In fact, many suggest the air strikes had been planned in advance to shore up support for Sisi's main Libyan ally, Khalifa Haftar and his self-styled Libyan National Army (LNA), and that the Minya massacre was used as a pretext to launch them.
Forces loyal to Haftar, a military strongman like Sisi, have long been fighting the DMSC, cutting off supply routes to the city and hitting it with occasional air strikes.
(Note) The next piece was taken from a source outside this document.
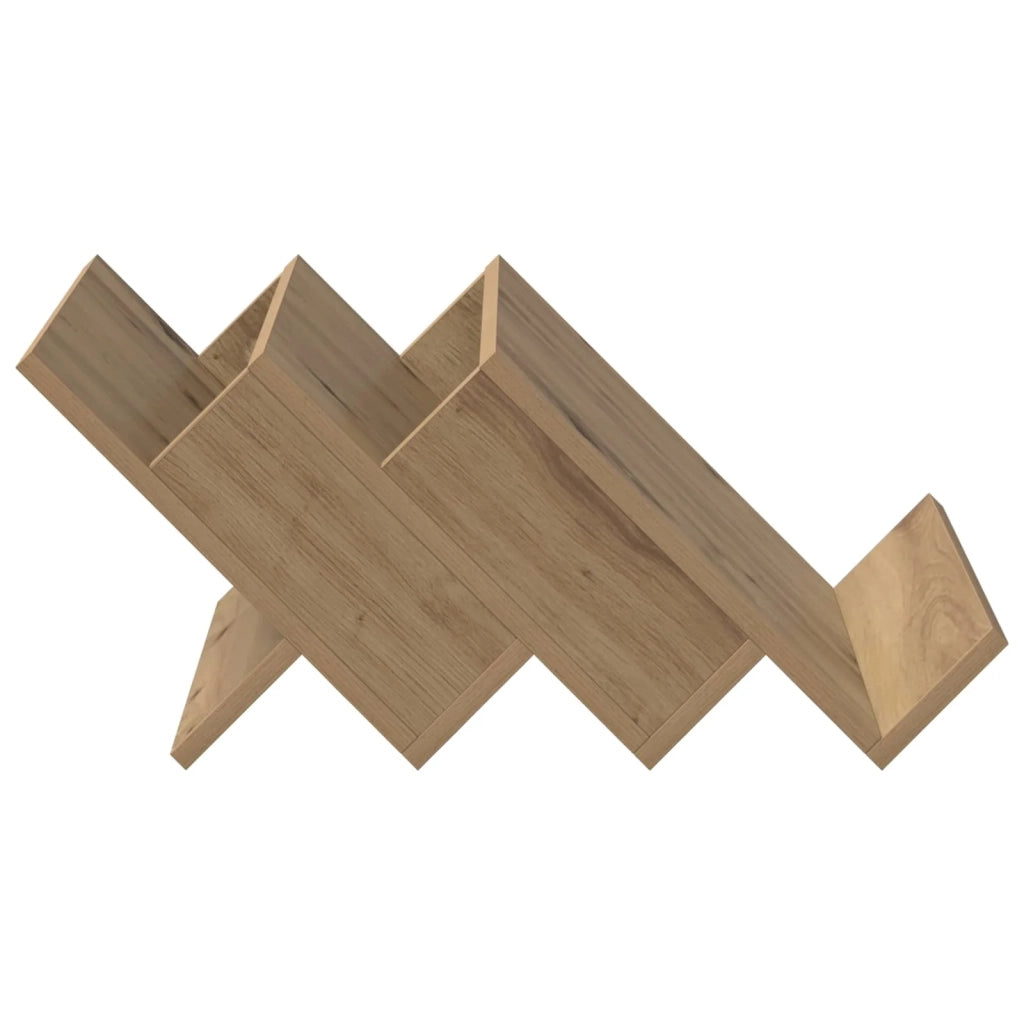 Scaffale per riviste Rovere artigianale 53 x 40 x 28,5 cm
Despite the LNA's siege, the military situation in Derna has been in stalemate for months.
Egypt has also carried out strikes in Jufra, where the LNA has been fighting Islamists who fled Benghazi as well as forces linked to the U.N.-backed government in Tripoli.
The LNA lost dozens of men there in a surprise attack on an air base earlier in May, but has since consolidated control.
The Minya attack was a catalyst for those inside the Egyptian government and military who are in favour of military intervention in Libya, said Mokhtar Awad, who researches extremism at George Washington University.
"This is Egypt taking action not because of the Minya attack but ... to drive out as many extremists as possible from the east," he said.
'THEY ARE ALL TERRORISTS'
Egypt says it does not target specific groups but that it goes after all militants who could be a threat to its security. A military spokesman told state media on Monday that all the groups targeted have the same ideology as those who carried out the Minya massacre, which is reason enough to bomb them.
"Names are not important for us, they are all terrorists. Those who carried out the Minya operation do not necessarily have to be in these camps but their followers are," an Egyptian intelligence source told Reuters.
Eljarh also said it was likely the air strikes has been planned in advance and that the Minya attack was an opportunity to carry them out, as part of a larger policy towards supporting Haftar, with Egypt bombing groups that constitute the strongest opposition to him.
Egypt sees any militant activity in eastern Libya, which is near its border, as a threat to its national security. One of the reasons Sisi has supported Haftar since 2014 is to ensure that all Islamists are driven out of eastern Libya.
Sisi is getting more involved now because of improved relations with Washington, Eljarh said. He believes U.S President Donald Trump has given him the green light to fight jihadists in Libya and elsewhere.
When Sisi announced the first round of air strikes on television on Friday, he implored Trump to support him.
Trump, who has made a point of improving relations with Cairo, said his country stood with Sisi and the Egyptian people.